▶ [PROVIDED RECORDS]
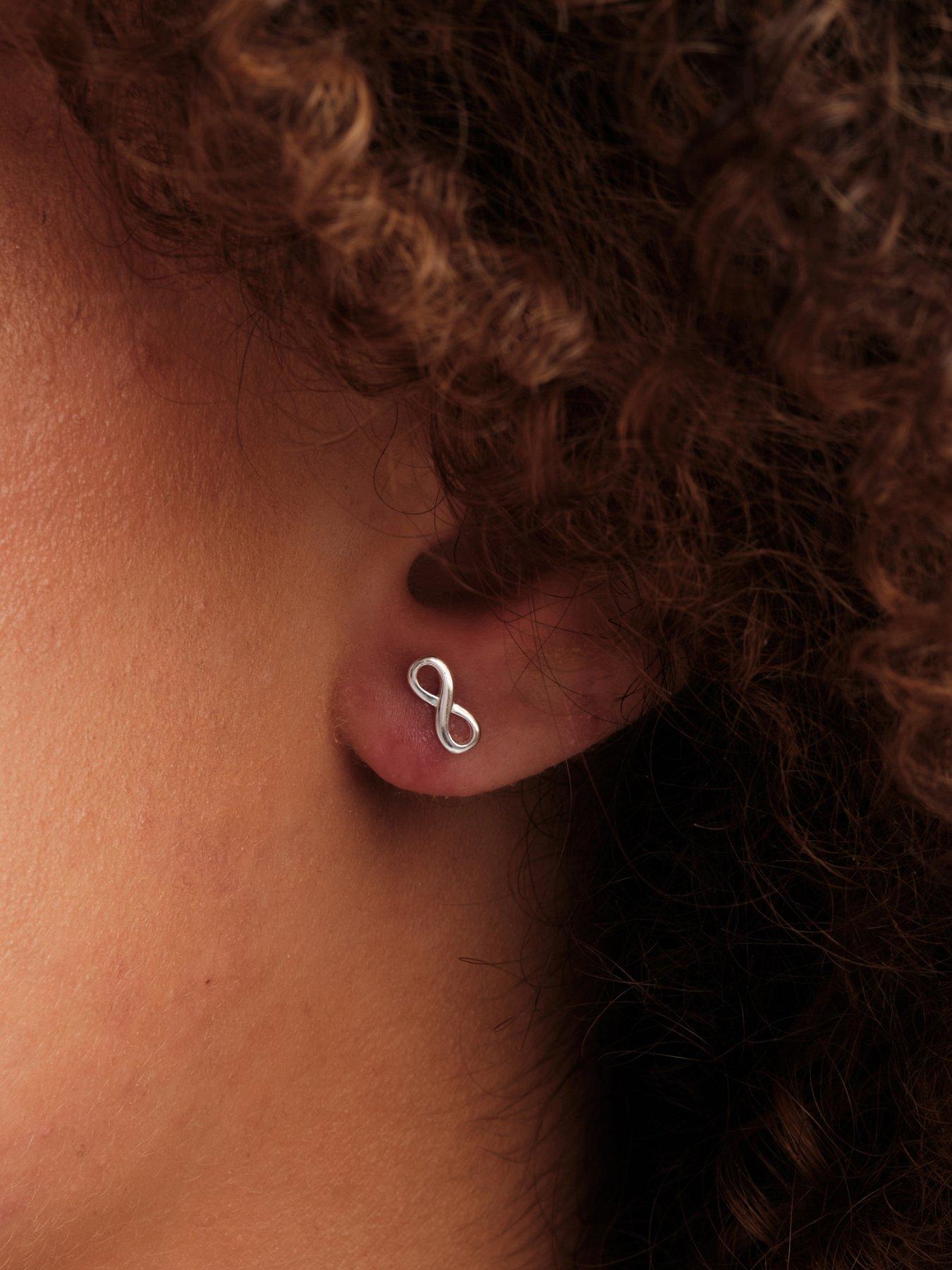 Image 2 of 4 of Simply Silver 925 Sterling Silver Mini Infinity Stud Earrings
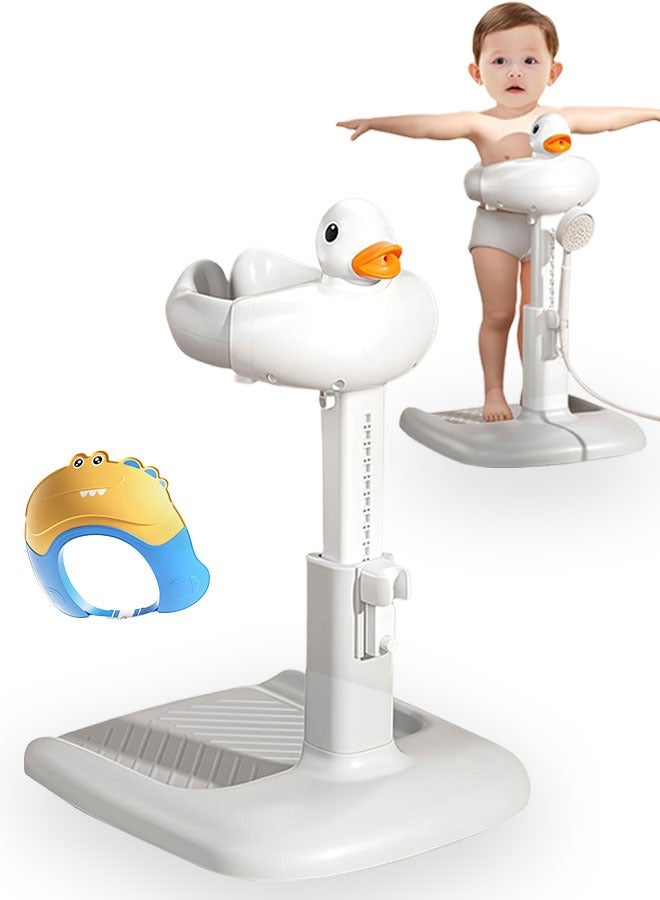 Sharpdo Baby Shower Stand, Infant Bath Support, Foldable Baby Bathing Stand with Anti-Slip Base and Shower Cap - Image 1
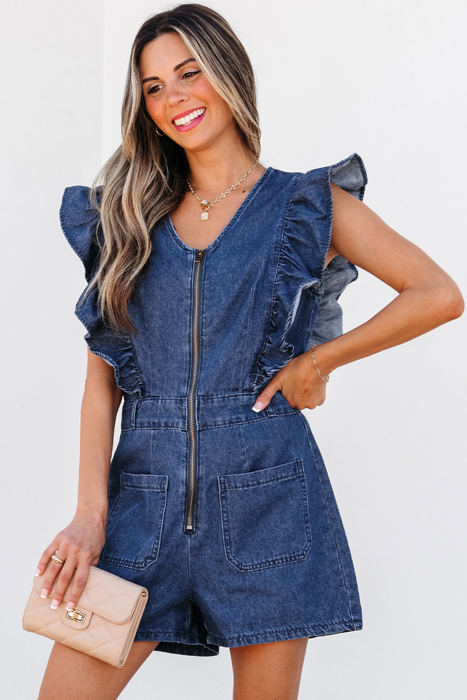 Amora Denim Ruffled Zipped Front Belted Romper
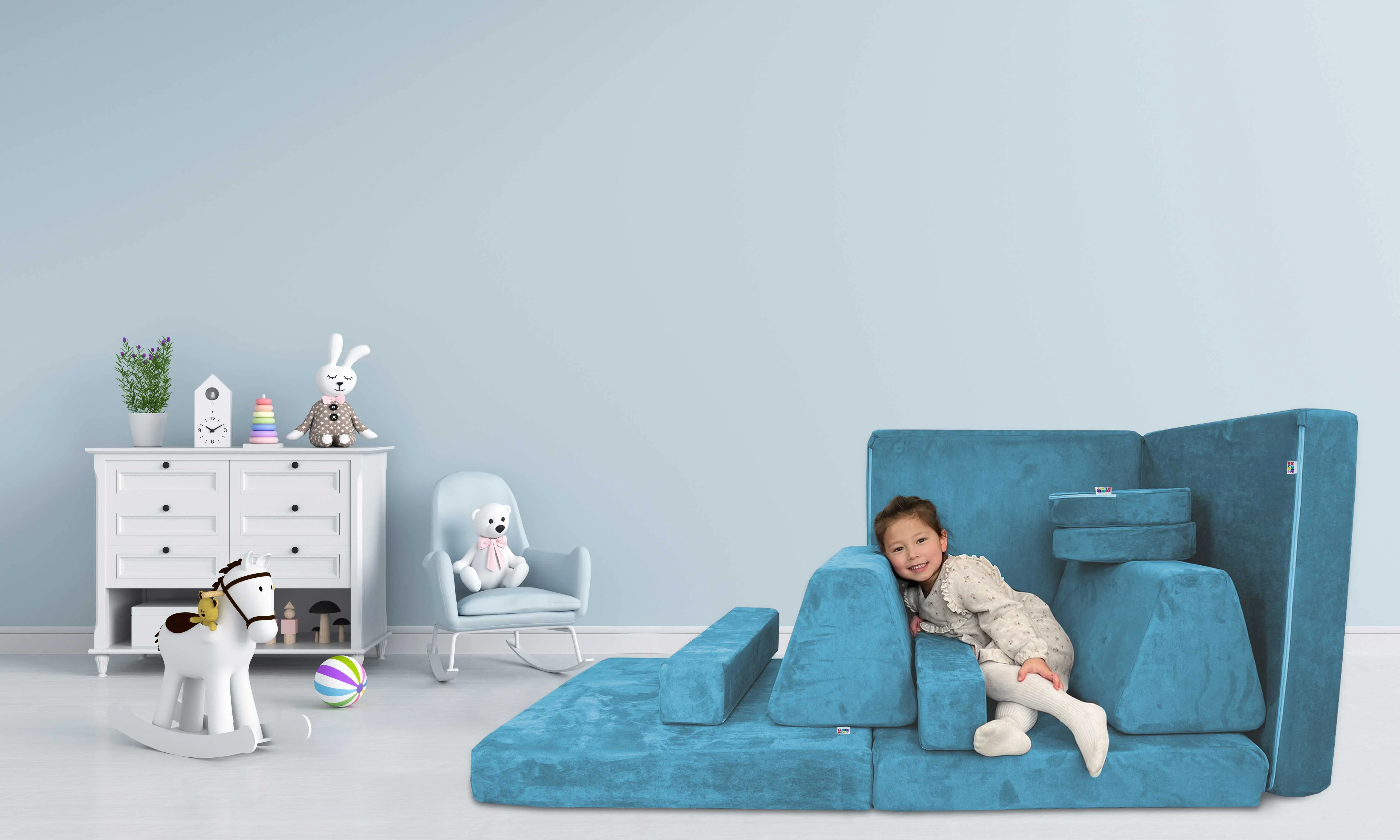 10 Piece Soft Modular Microsuede Foam Kids Play Couch - Image 37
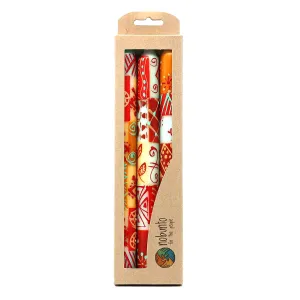 Hand Painted Candles in Owoduni Design (three tapers) Nobunto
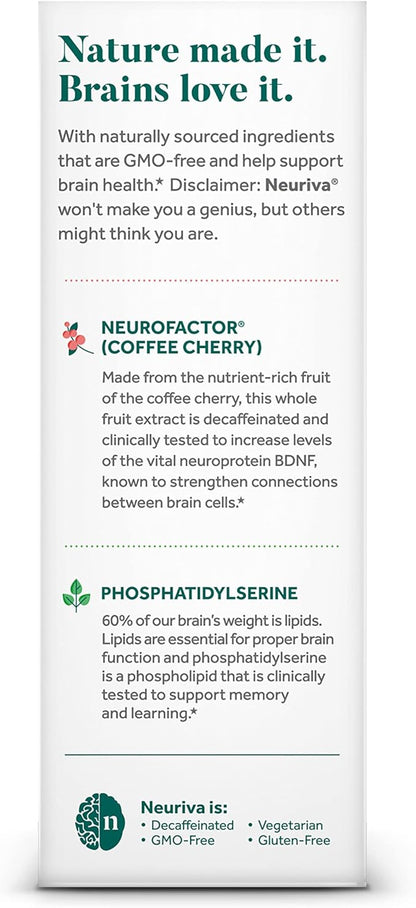 NEURIVA Original Decaffeinated Clinically Tested Nootropic Brain Supplement for Memory, Focus & Concentration, NeuroFactor & Phosphatidylserine, 28ct Capsules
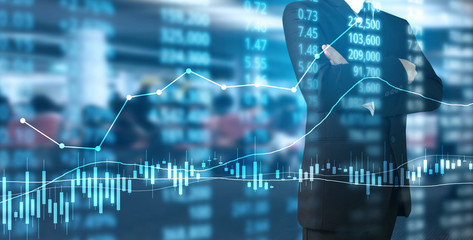 hand with stock financial chart symbols coming from hand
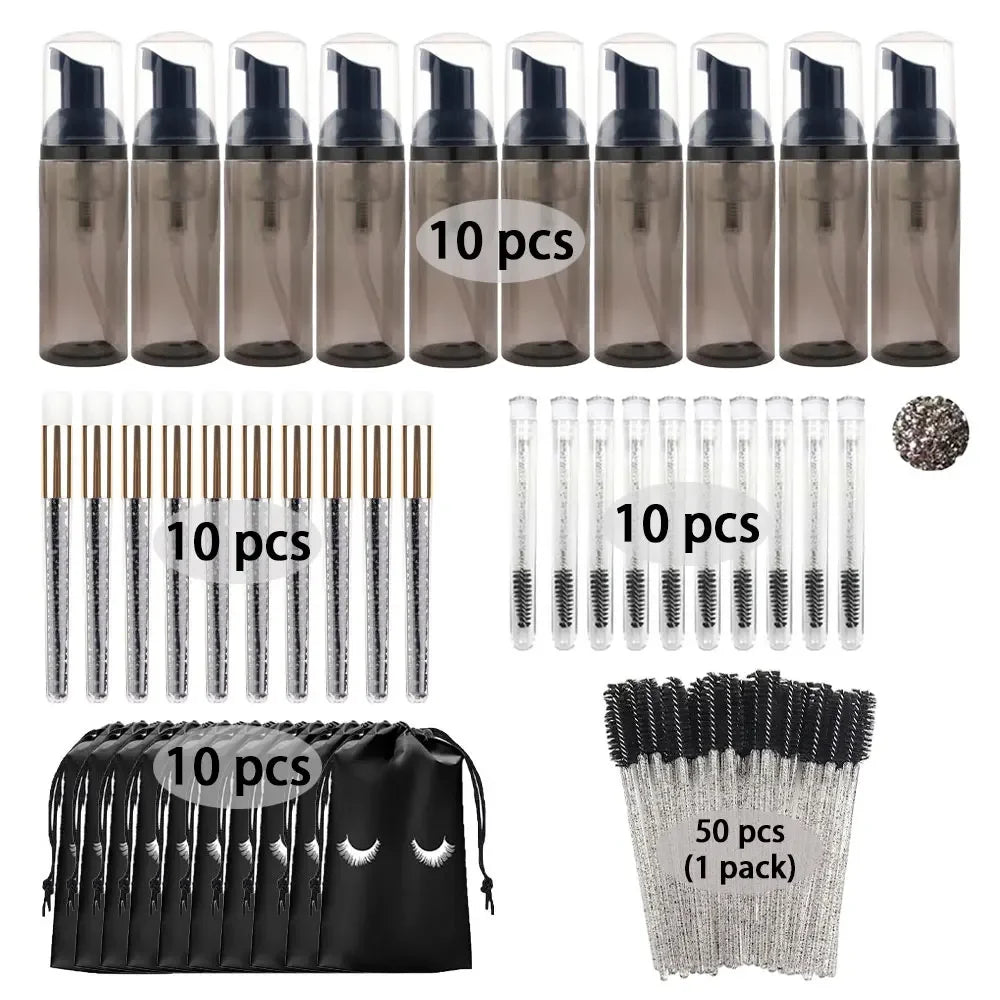 Eyelash Shampoo Cleaning Tools Include 60ML Empty Bottle Foam Dispenser Eyelash Brush Storage Bag Cleaning Nose Brush Eyelash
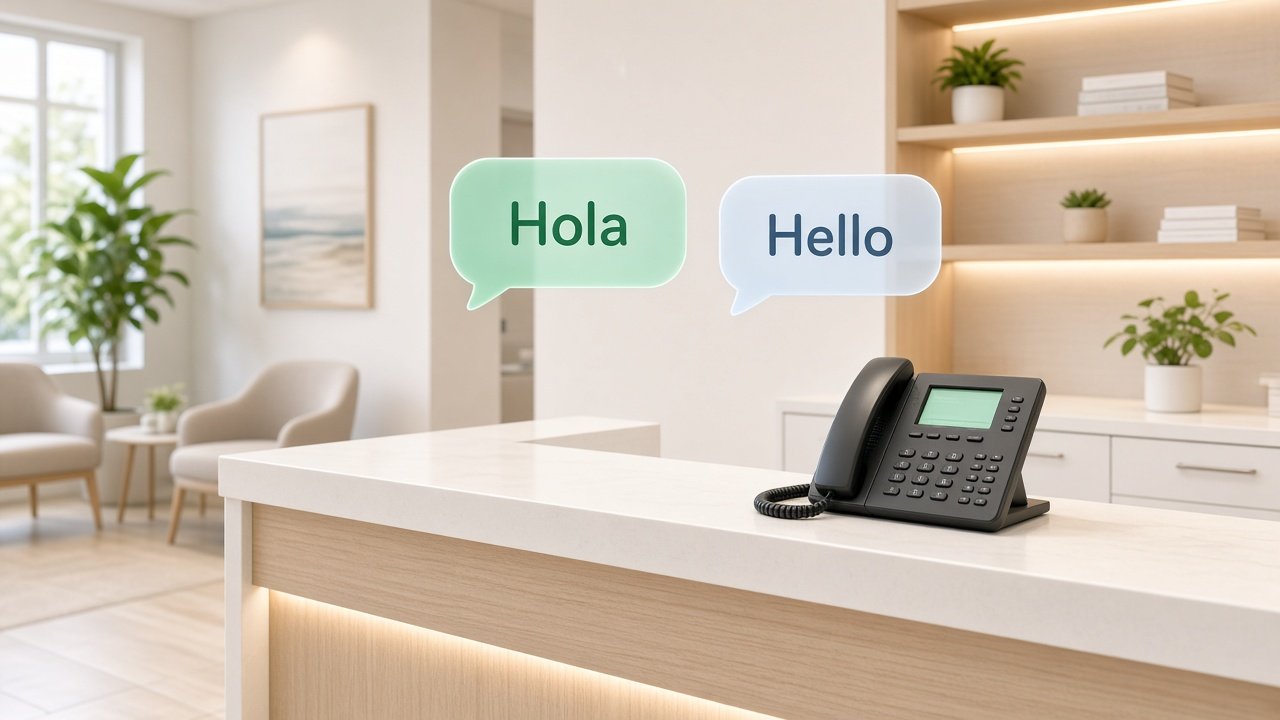 Bright dental office front desk with a glowing phone and a Hola / Hello speech bubble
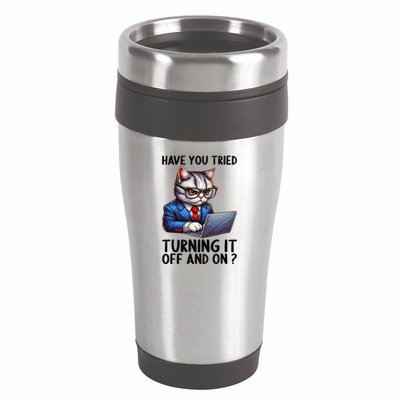Tech Support Humor I Cat Tech Engineer I Computer It Guy 16oz Travel Tumbler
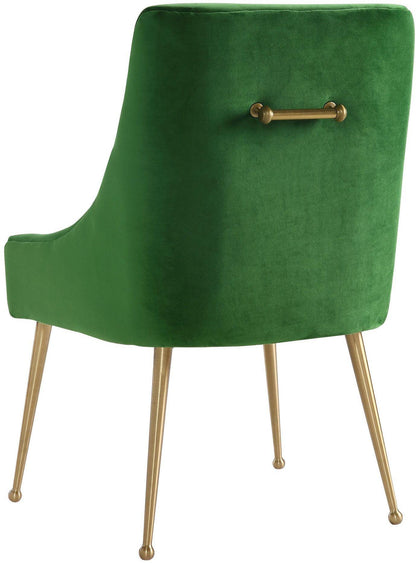 Lyrical Green Velvet Side Chair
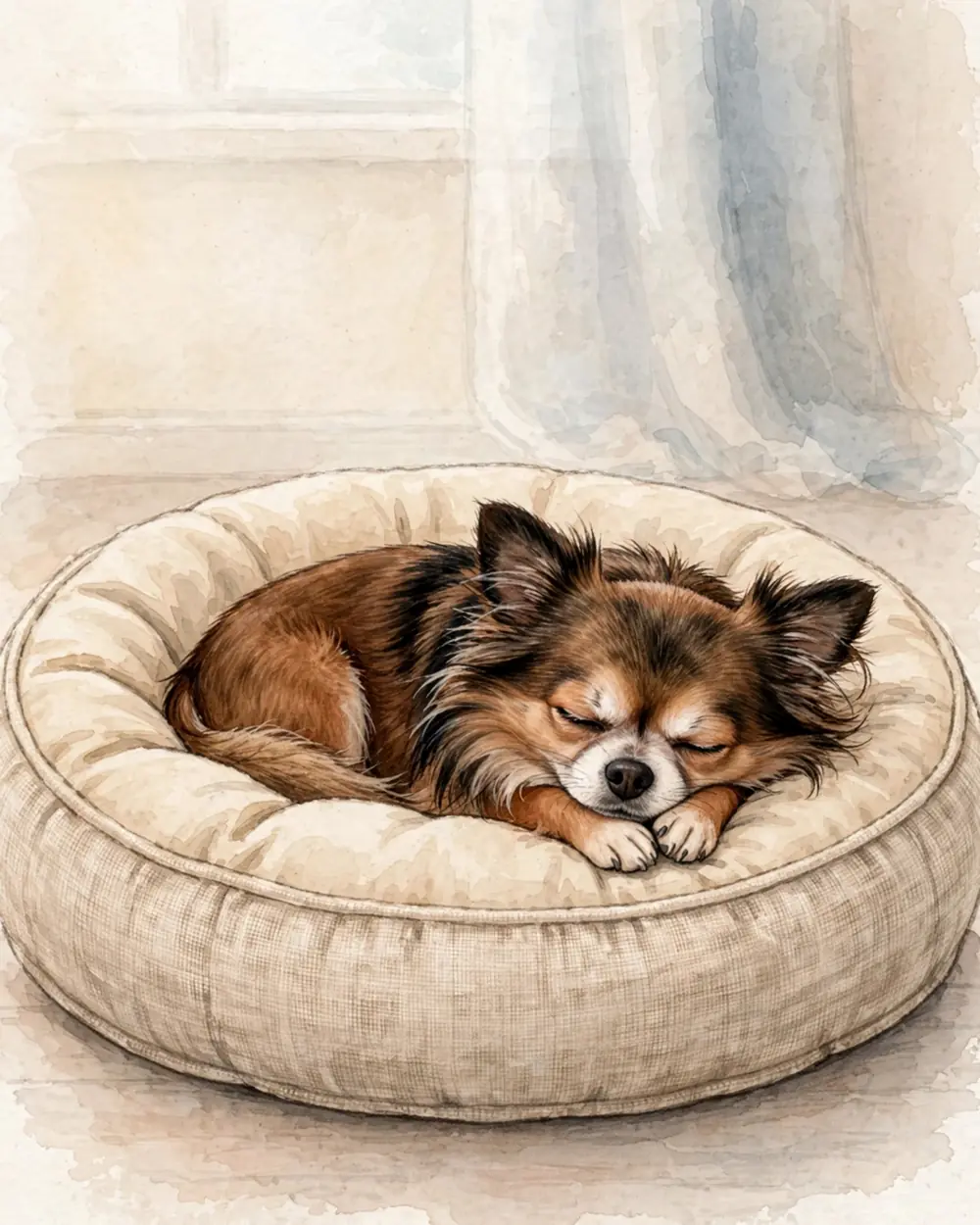Early morning, pale soft light from a window. Pip curls back up in her small round dog bed on the floor, settling down to sleep again.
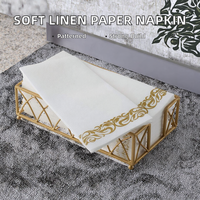 Serviettes en papier Airlaid 1 pli en pâte de bois vierge, style sac, motif sérigraphié, douces, sans résidus de papier, 6 plis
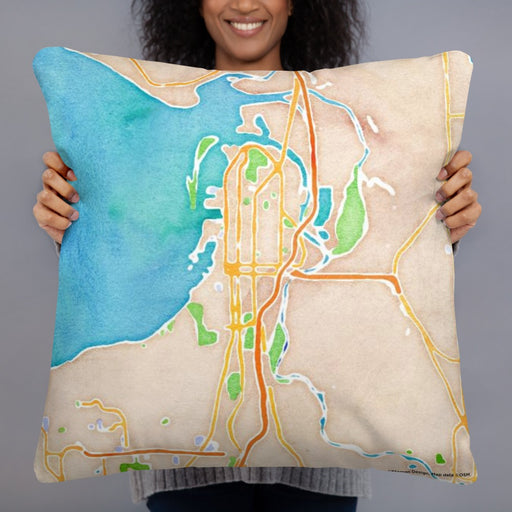 Person holding 22x22 Custom Everett Washington Map Throw Pillow in Watercolor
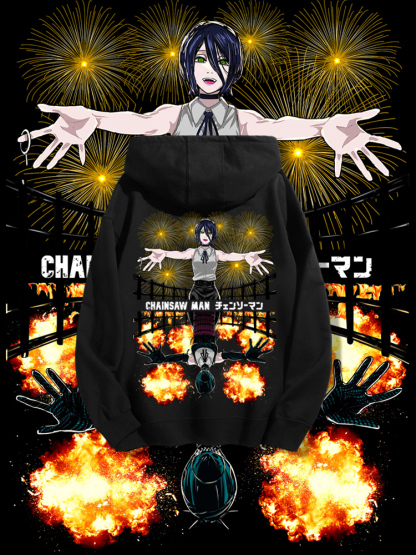 鏈鋸人新款 親子情侶男女款連帽衛衣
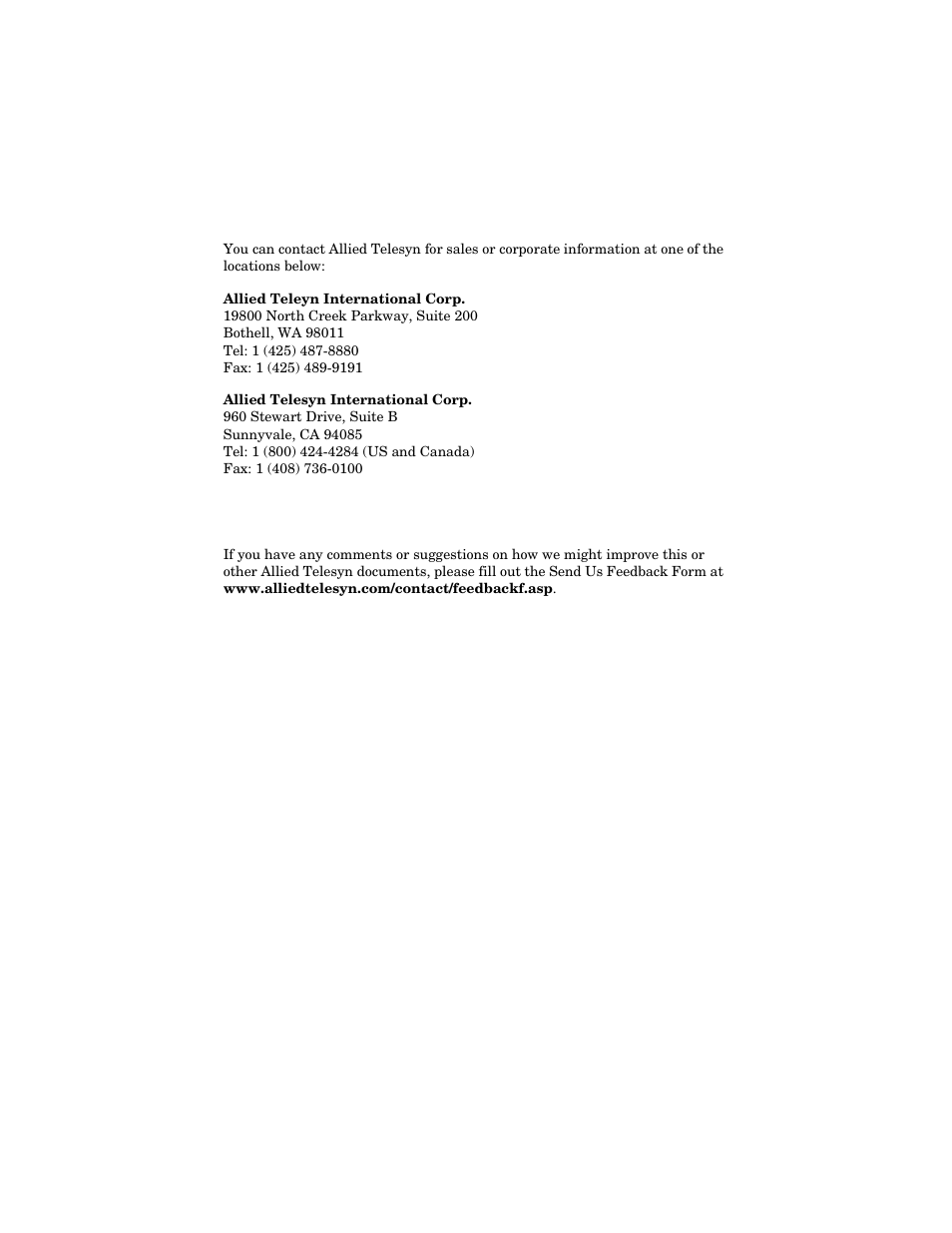 For sales or corporate information, Tell us what you think | Allied Telesis AT-MC16 User Manual | Page 10 / 50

▶ [TASK] Everything above from the line with "Lyrical Green Velvet Side Chair" through the line with "Early morning, pale" should be retyped exactly, and nothing else; omit pictures.

▶ [SOLUTION]
 Lyrical Green Velvet Side Chair
Early morning, pale soft light from a window. Pip curls back up in her small round dog bed on the floor, settling down to sleep again.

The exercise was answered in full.